#### [Work task]
Once the line holding "3. Data Manipulation" appears, repeat it and each line after it to the end of the data, exactly and with nothing else; pictures stay out.

───── Task material

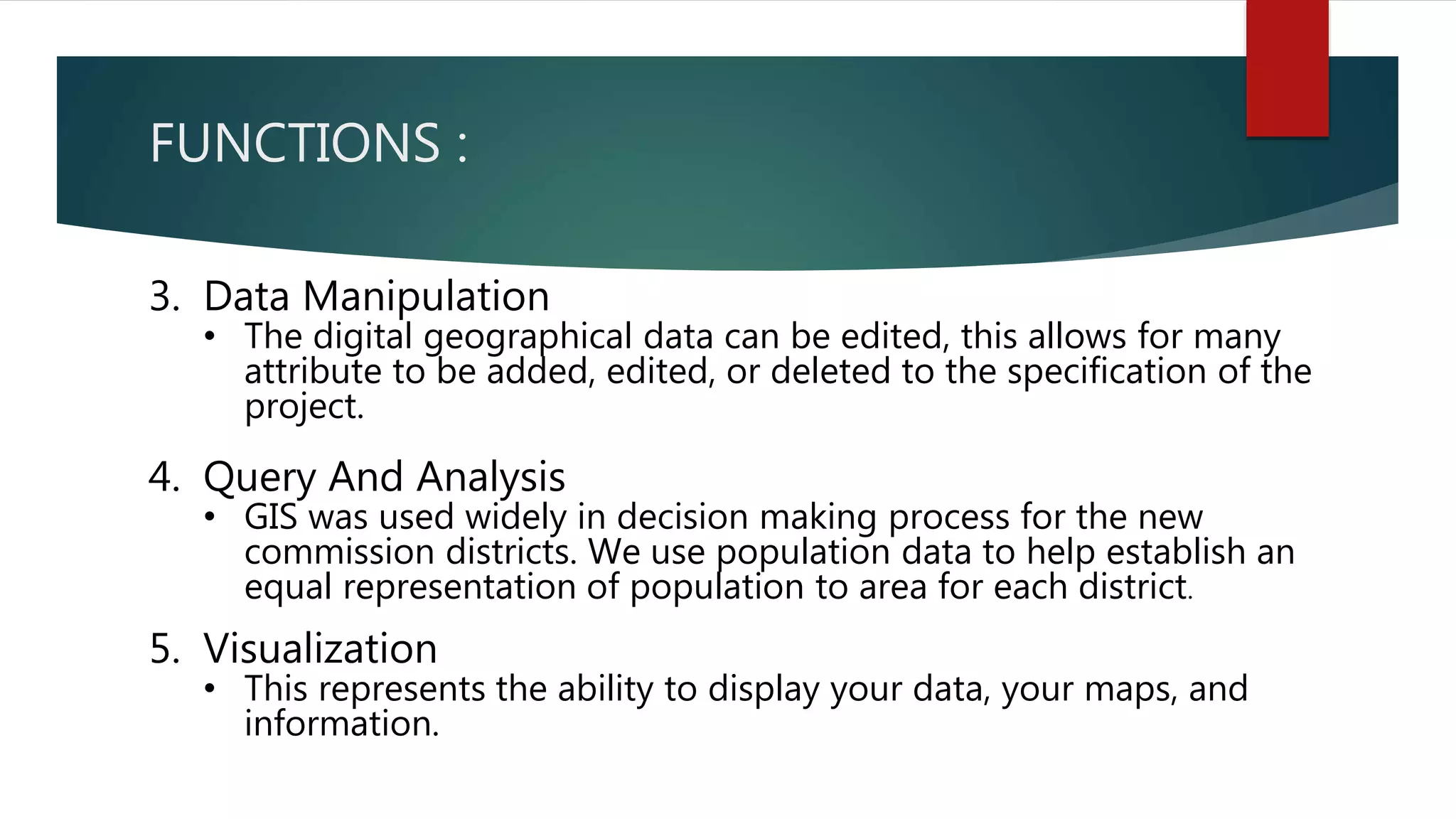 FUNCTIONS :
3. Data Manipulation
• The digital geographical data can be edited, this allows for many
attribute to be added, edited, or deleted to the specification of the
project.
4. Query And Analysis
• GIS was used widely in decision making process for the new
commission districts. We use population data to help establish an
equal representation of population to area for each district.
5. Visualization
• This represents the ability to display your data, your maps, and
information.
 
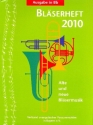Bl�serheft 2010 f�r Posaunenchor Spielpartitur f�r B-Stimmen (ohne Bass-Stimme)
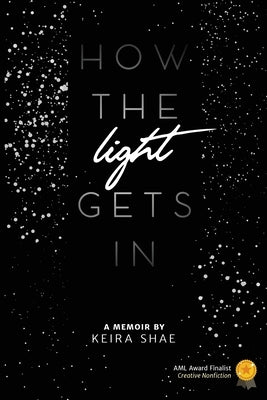 How The Light Gets In by Shae, Keira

──────────

#### [Answer for this exercise]
3. Data Manipulation
• The digital geographical data can be edited, this allows for many
attribute to be added, edited, or deleted to the specification of the
project.
4. Query And Analysis
• GIS was used widely in decision making process for the new
commission districts. We use population data to help establish an
equal representation of population to area for each district.
5. Visualization
• This represents the ability to display your data, your maps, and
information.
 
Bl�serheft 2010 f�r Posaunenchor Spielpartitur f�r B-Stimmen (ohne Bass-Stimme)
 How The Light Gets In by Shae, Keira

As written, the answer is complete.